Sixty-two percent of all ICE beds are now run by private prison contractors, meaning for-profit prison companies operate nine of the ten largest immigrant detention centers in the country -- eight of those ten are run by CCA or GEO Group. As their share of the immigrant-detention market has grown in recent years so have the companies' profits (Grassroots points to reports indicating the companies have spent millions lobbying the government about immigration and detention policy). CCA's profits went from $133 million in 2007 to $195 million in 2014, while the GEO Group's profits made a staggering 244 percent jump during that time period from $41.8 million to $143.8 million.
Grassroots cites the companies own investors reports and financial statements. A 2014 investors presentation from CCA illustrates the incentive to push for every single ICE bed to be filled: "filling vacant beds would add ≈ $1.00 to [Earnings Per Share] & [Adjusted Funds From Operations] per share," the company wrote. In a recent company filing, GEO wrote that efforts to reform the immigration system, which could put thousands of undocumented immigrants on the path to legalization, may harm the company's bottom line: "Immigration reform laws which are currently a focus for legislators and politicians at the federal, state and local level also could materially adversely impact us."

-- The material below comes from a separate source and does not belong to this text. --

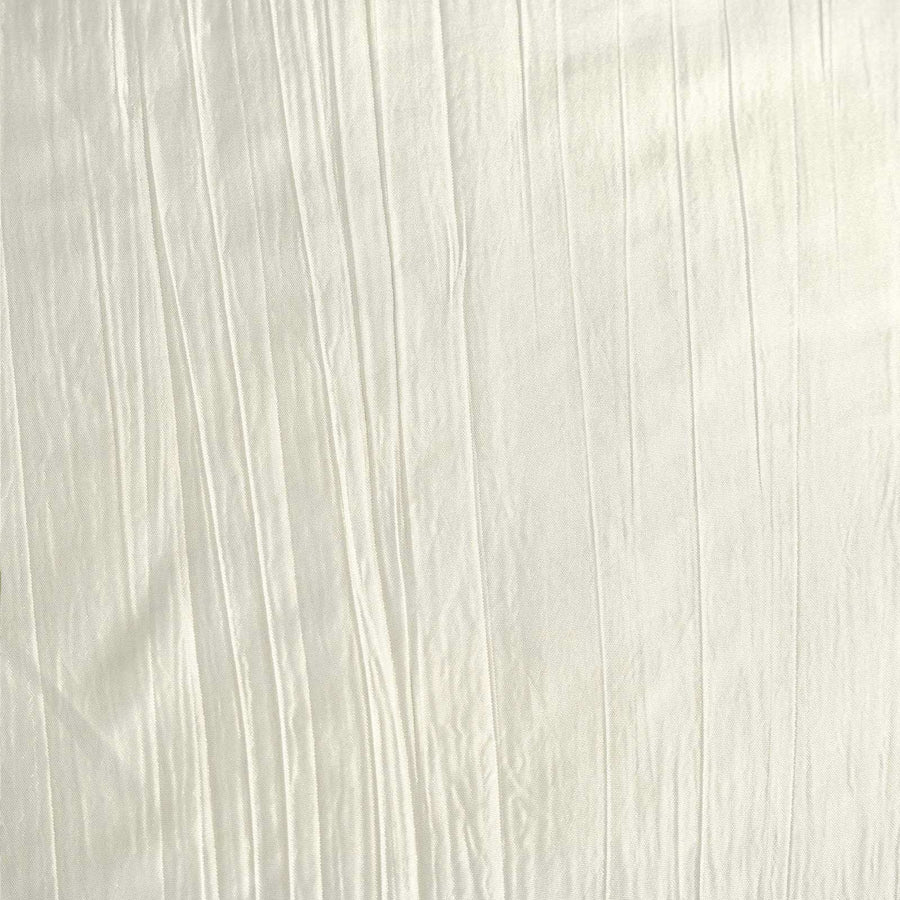 60x102Inch Ivory Accordion Crinkle Taffeta Rectangle Tablecloth#whtbkgd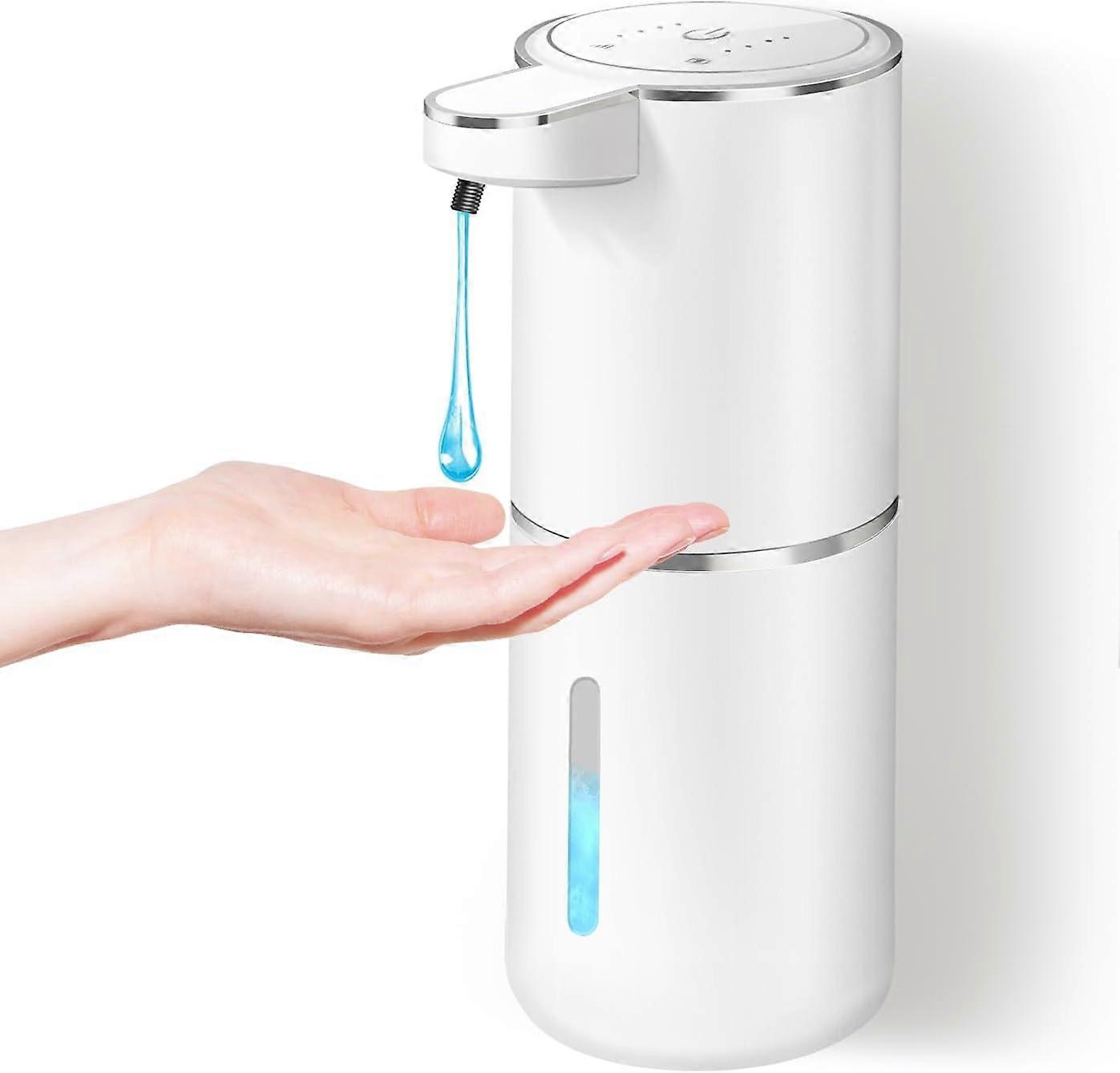 Automatic Soap Dispenser, USB C Rechargeable Soap Dispenser, Wall Mounted, 380 ml, Electric Soap Dispenser with Sensor, 4 Levels Adjustable Soap Dispe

Grassroots points out that both companies have expanded to build centers for detaining asylum-seeking immigrant families in Texas. In 2014, GEO opened the Karnes County Residential Center southeast of San Antonio, where 600 women and children, most of whom have fled violence in Central America, are being held (GEO plans to expand capacity to 1,200 detainees). This week a group of 10 mothers launched their second hunger strike at the facility, demanding the release of women pursuing asylum claims.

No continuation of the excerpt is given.